This Kaggle competition, with the rest of the Object recognition and computer vision MVA Class 2018/2019, was on a subset of the Caltech-UCSD Birds-200-2011 bird dataset.
Link : https://www.kaggle.com/c/mva-recvis-2018
Rank on the leaderbord : 4th
-
Install PyTorch from http://pytorch.org
-
Run the following command to install additional dependencies
pip install -r requirements.txt
We will be using a dataset containing 200 different classes of birds adapted from the CUB-200-2011 dataset. The training/validation/test images used for this model can be downloaded from here. The test image labels are not provided.

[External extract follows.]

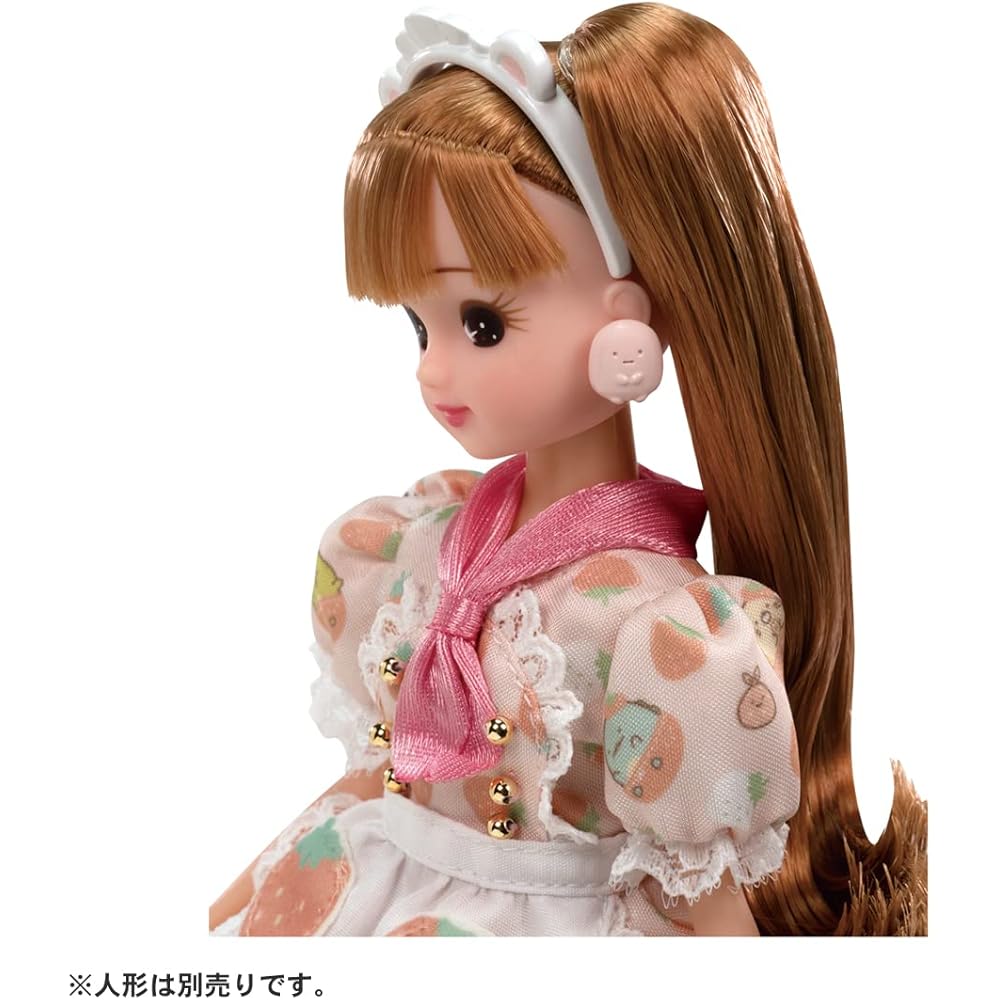 Takara Tomy Licca-chan Dress Sumikko Gurashi Cafe Dress Set Doll Outfit Toy for Ages 3 and Up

For the model, we used two pretrained models (ResNet152 and InceptionV3) to extract two features vectors. A classifier is added to classify the images using the stacked extracted features. See model.py
and the attached paper for more details.
To train the model with default parameters, run the following command :
python main.py
By default :
- The images are loaded and resized to 331x331 pixels and normalized to zero-mean and standard deviation of 1. See data.py for the
data_train_transforms
. In order to preserve the ratio of the images, a padding option is available by running the following command (this option is disabled by default) :
python main.py --pad
- The data is augmented by preprocessing the images using YoloV3 to detect birds and add cropped images centered on the birds. The outputed images are saved at
bird_dataset_output
. SeeYOLO_model.py
for the YoloV3 code. To deactivate the detection process and train on the original training and test sets, run the following command :
python main.py --no-crop
An other option for training the model on the training and validation sets is available by running the following command (this option is disabled by default):
python main.py --merge
See attached paper for default training parameters.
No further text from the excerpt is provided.